A US judge has ruled that President Donald Trump’s administration acted unlawfully when it directed thousands of federal employees to be fired, but he stopped short of ordering that they be reinstated, Reuters reported.
US District Judge William Alsup in San Francisco confirmed his earlier view that the Office of Personnel Management (OPM) in February wrongly told agencies to dismiss probationary staff on a large scale.
The case was brought by unions, nonprofits and the state of Washington after the Trump administration sought to dismiss about 25,000 probationary employees. These workers usually have less than a year in service, though some were long-serving staff who had recently moved into new jobs.
Alsup wrote, “Ordinarily I would set aside OPM’s unlawful directive and unwind its consequences, returning the parties to the ex ante status quo, and as a consequence, probationers to their posts.”

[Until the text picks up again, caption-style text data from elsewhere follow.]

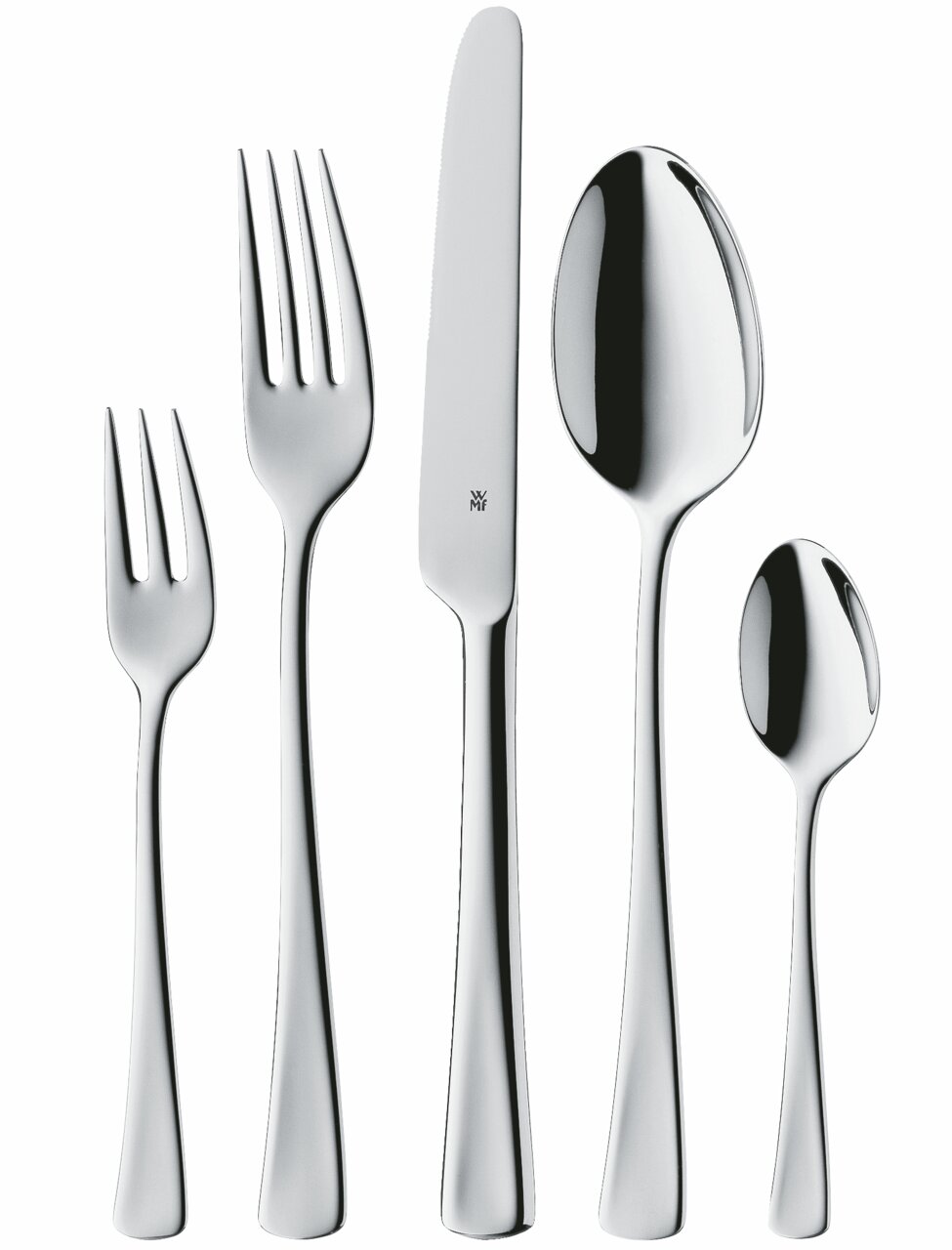 Set aus poliertem Edelstahlbesteck bestehend aus Gabel, Messer, Esslöffel, Dessertgabel und Teelöffel, frontal abgebildet.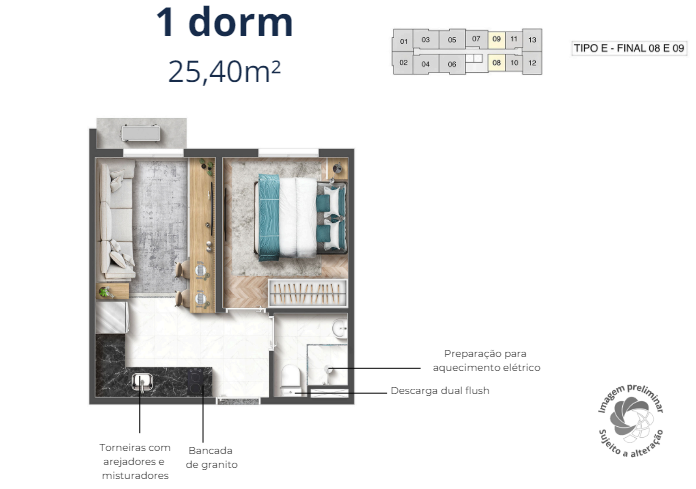 Apartamento à venda com 25m², 1 quarto sem vaga - 15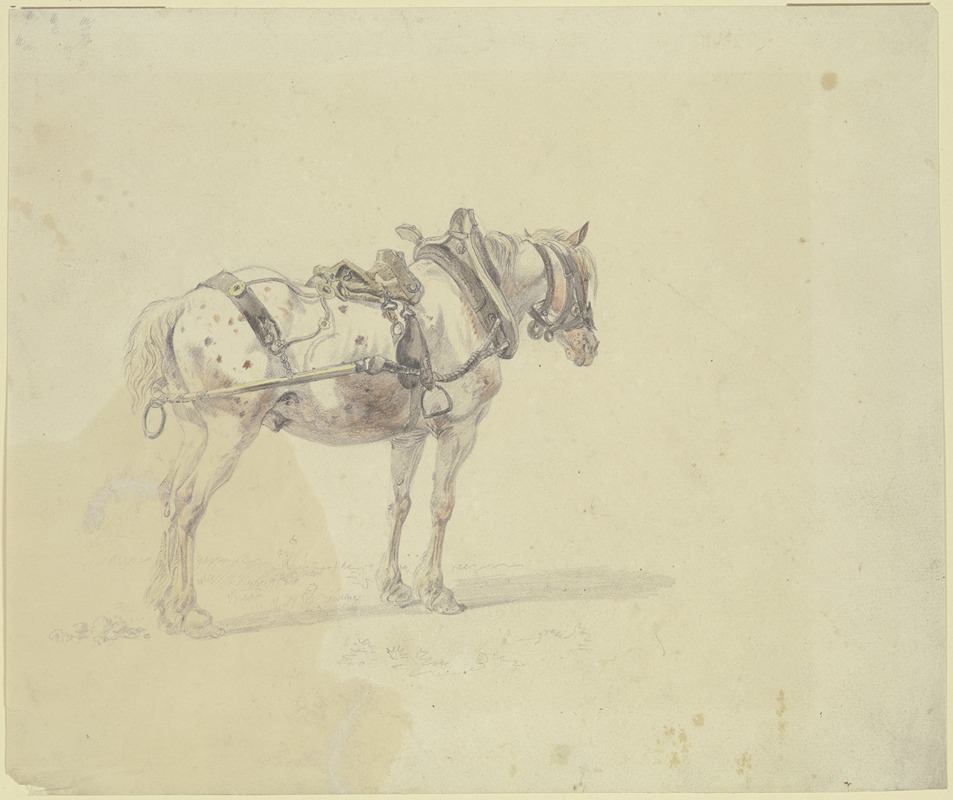 Harnessed horse by Генрих Бюркель — digital art print download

But he noted that the US Supreme Court has made clear it will block court-ordered relief concerning hiring and firing in the executive branch. In April, the court had paused an injunction from Alsup that would have reinstated about 17,000 workers at six agencies while the case continued.
Alsup said too much had changed since then, with many of the employees having taken other jobs and the administration restructuring parts of government.
Still, he said the workers “continue to be harmed by OPM’s pretextual termination ‘for performance,’ and that harm can be redressed without reinstatement.”
He ordered 19 agencies, including the Departments of Defense, Veterans Affairs, Agriculture, Energy, Interior and Treasury, to correct employees’ records by 14 November and banned them from following OPM instructions to fire staff.
Lawyers for the workers and the White House did not respond to requests for comment, Reuters said.